The romance that comes to light between Fale and Keron is definitely heartwarming. Keron is fantocci who has already turned her down once, so she is always self conscious about his feelings toward her. A fantocci is a person who has robotic limbs, they become slaves to pay for the cost of the surgery it takes to receive the limbs. The way her friends come together sacrificing their own safety and way of life to protect her is fascinating. The twist and turns brought out in the story kept me excited and unable to stop reading. Furthermore, the descriptive details the author used left me feeling the love, pain, embarrassment, shame and pride along with the characters.

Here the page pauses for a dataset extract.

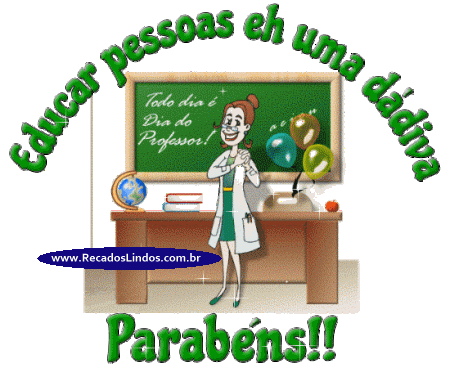 Dia_dos_Professores_017.gif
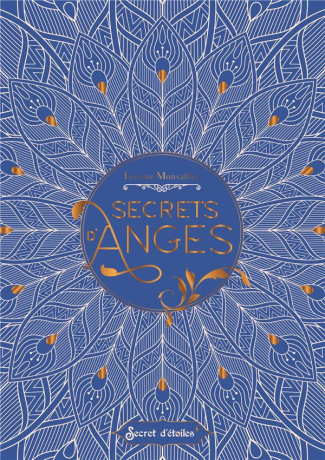 monsallier-evelyne-3b-blanc-marion-3b-stefano-lauren-secrets-d-anges_0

There were a few minor editing mistakes, but they didn’t distract me from the story. If I wasn’t obligated to document them, I would have read right past them. I felt like a different picture on the cover would draw more attention to the book. While it depicted what was happening in the story fine, they were just not the characters I envisioned in my mind while I was reading. Of course that is only a personal opinion and others might disagree.
I rated this book 3 out of 4 stars as a result of the few editing mistakes. Although, I honestly couldn’t put it down and can’t wait to start the next book in the series. Please don’t let the minus of one star deter you from reading this book. As I mentioned before, the mistakes were few and simple to read past, mainly consisting of misplaced or missing words.
I recommend this book for young adults and older. There are themes of violence, romance, and alcohol, that render it inappropriate for younger children. However, the themes in the story don’t seem to be too overpowering, it just touches on them and never goes into great detail. Anyone who enjoys an intriguing fantasy with these various themes and people who are part robots will love this story. This is definitely not a stand-alone story as it ends with many unanswered questions, so I definitely recommend reading the whole trilogy.